=== Task statement ===
Give back every line of the material exactly. Skip the pictures.

=== Dataset ===
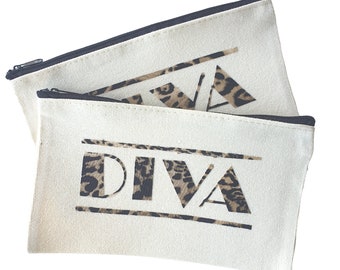 DIVA Pencil Case / Travel Pouch / Leopard Print Makeup or Accessories Holder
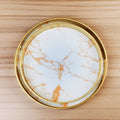 Marble Design Round Décor, Serving & Vanity Tray | Set of 2 ( White & Gold ) - Needs Store
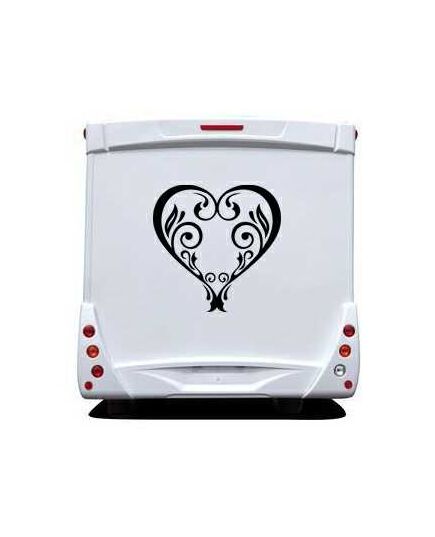 Vintage Heart Camping Car Decal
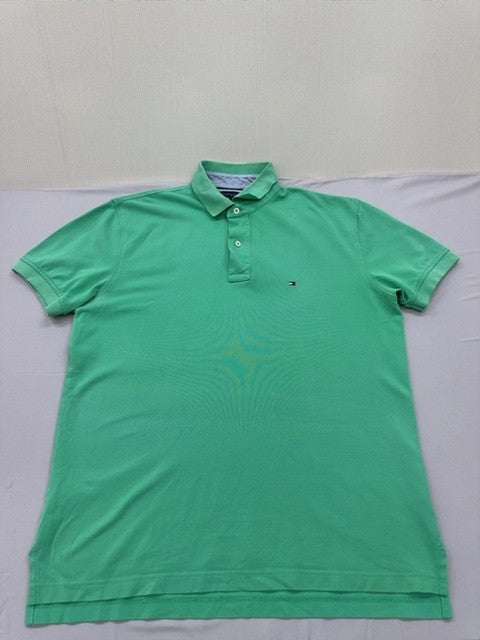 Tommy Hilfiger Men's Green Polo Shirt Size L 100% Cotton Short Sleeve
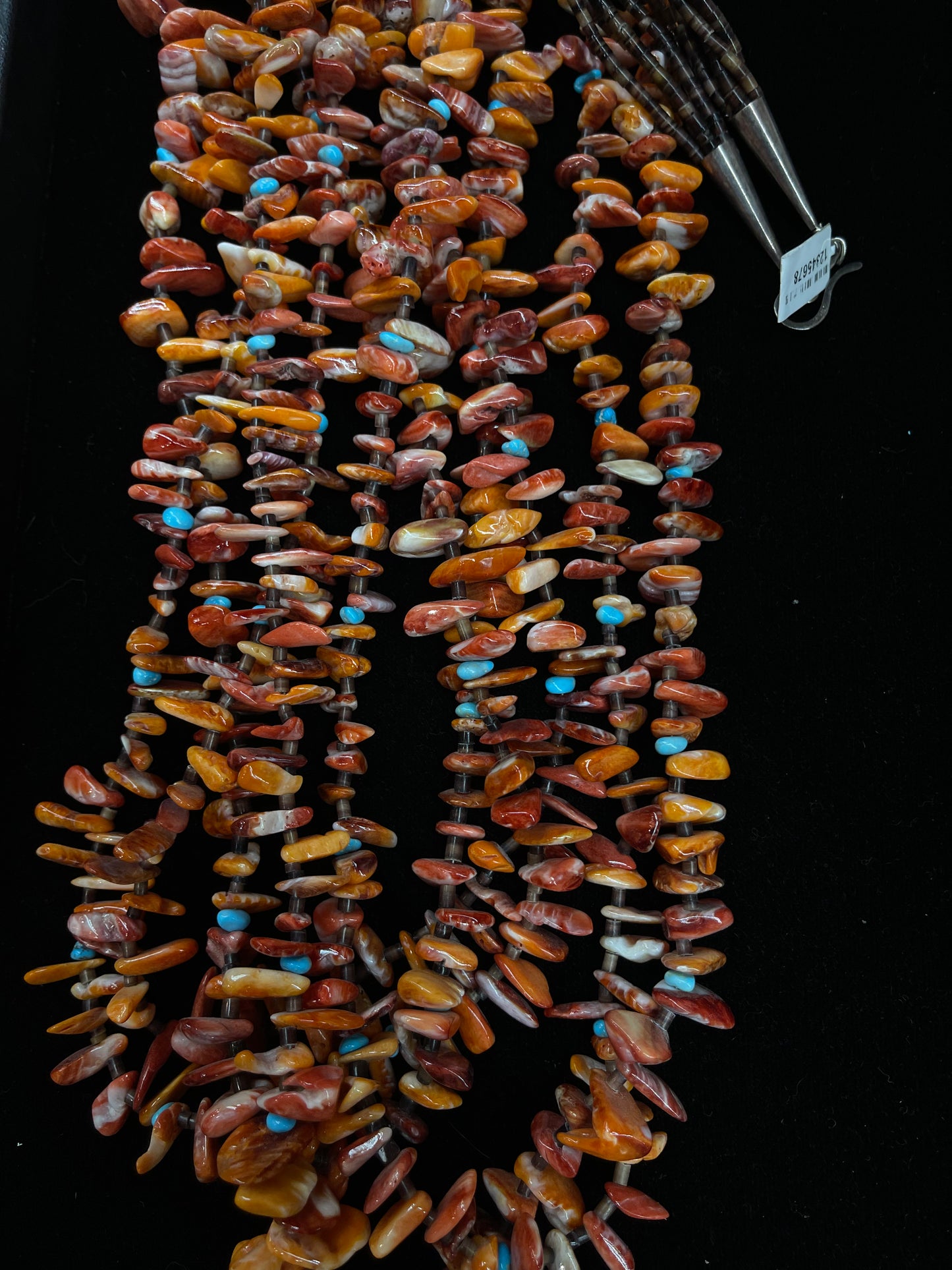 32" 5 Strand Spiny Oyster Shell with Turquoise Necklace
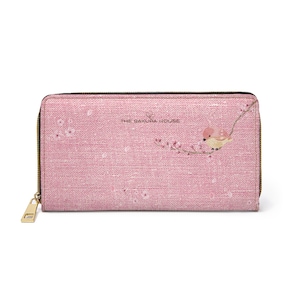 Zipper Wallet, Sakura Blossom Fabric Wallet, Floral Zip Wallet, Japanese Inspired Purse, Cherry Blossom Clutch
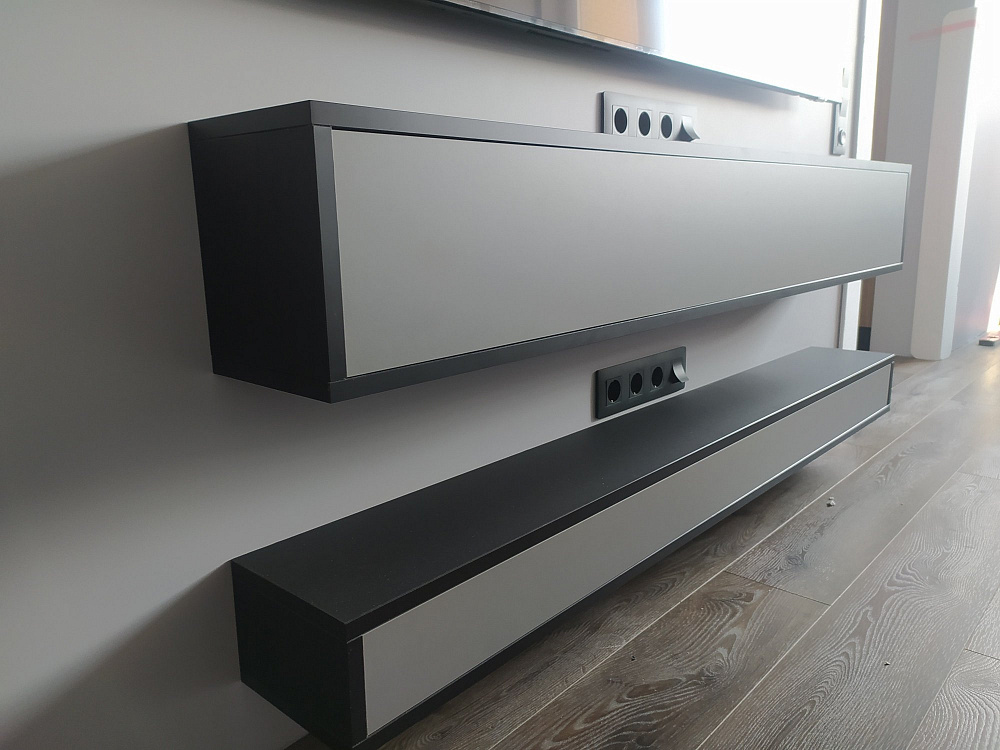 Тумба под ТВ (серая + графит)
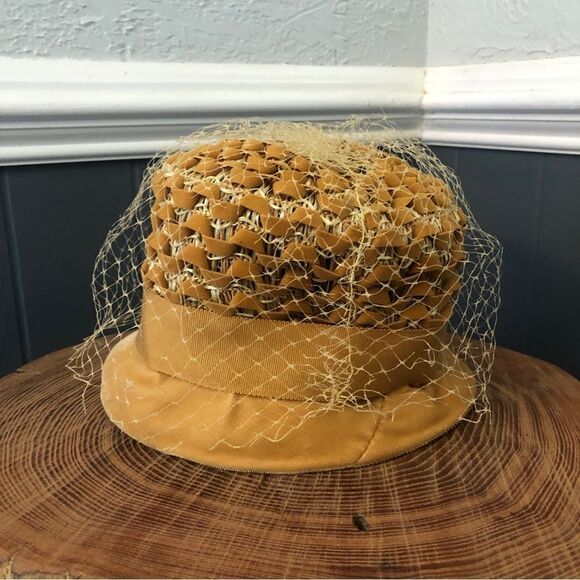 Vintage Mustard Yellow Velvet bucket Style Hat with Netting - Picture 8 of 12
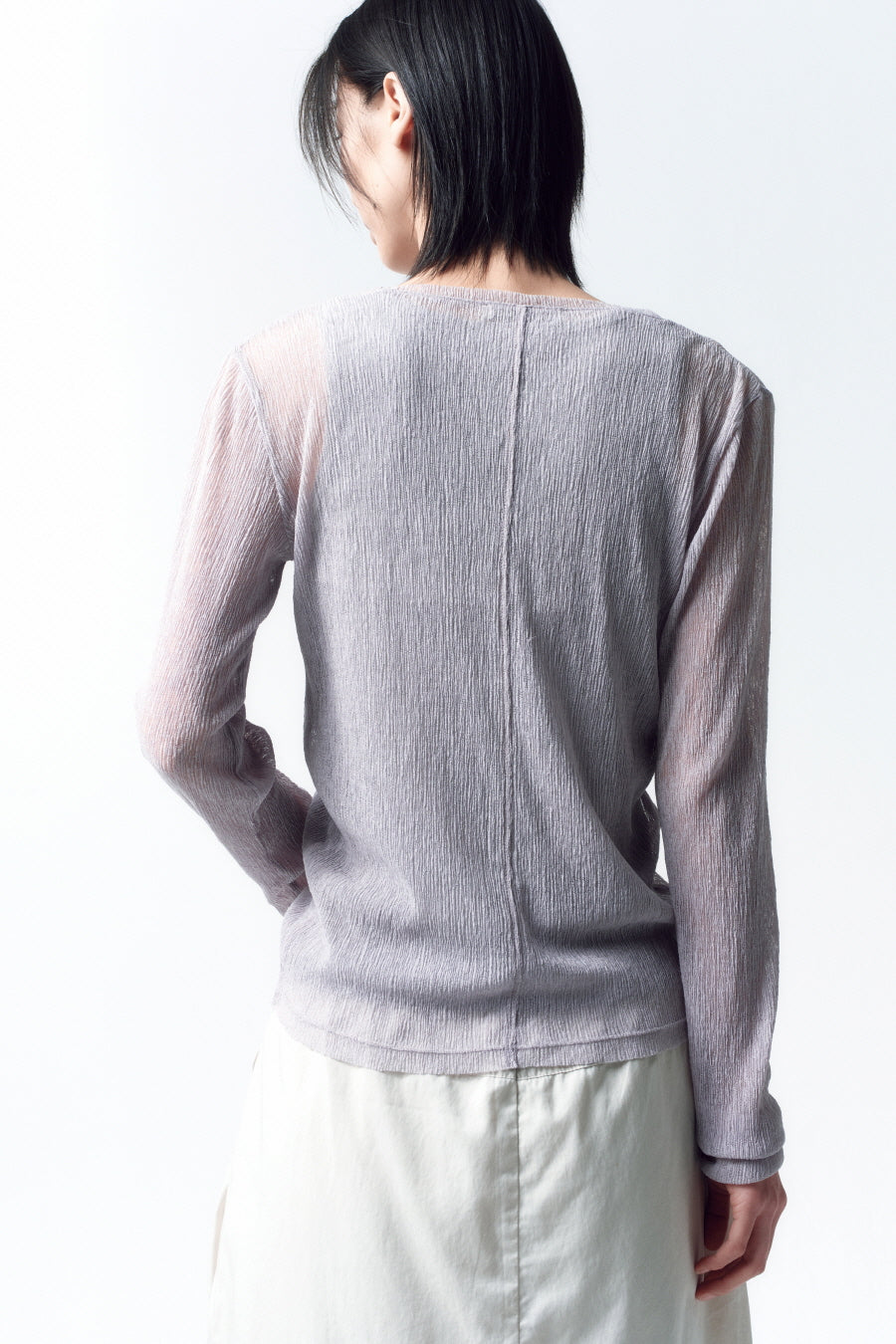 Insilence - Sheer pleated top (Grey) product image 5 | TRAB K-Fashion Australia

=== Answer to the exercise ===
 DIVA Pencil Case / Travel Pouch / Leopard Print Makeup or Accessories Holder
 Marble Design Round Décor, Serving & Vanity Tray | Set of 2 ( White & Gold ) - Needs Store
 Vintage Heart Camping Car Decal
 Tommy Hilfiger Men's Green Polo Shirt Size L 100% Cotton Short Sleeve
 32" 5 Strand Spiny Oyster Shell with Turquoise Necklace
 Zipper Wallet, Sakura Blossom Fabric Wallet, Floral Zip Wallet, Japanese Inspired Purse, Cherry Blossom Clutch
 Тумба под ТВ (серая + графит)
 Vintage Mustard Yellow Velvet bucket Style Hat with Netting - Picture 8 of 12
 Insilence - Sheer pleated top (Grey) product image 5 | TRAB K-Fashion Australia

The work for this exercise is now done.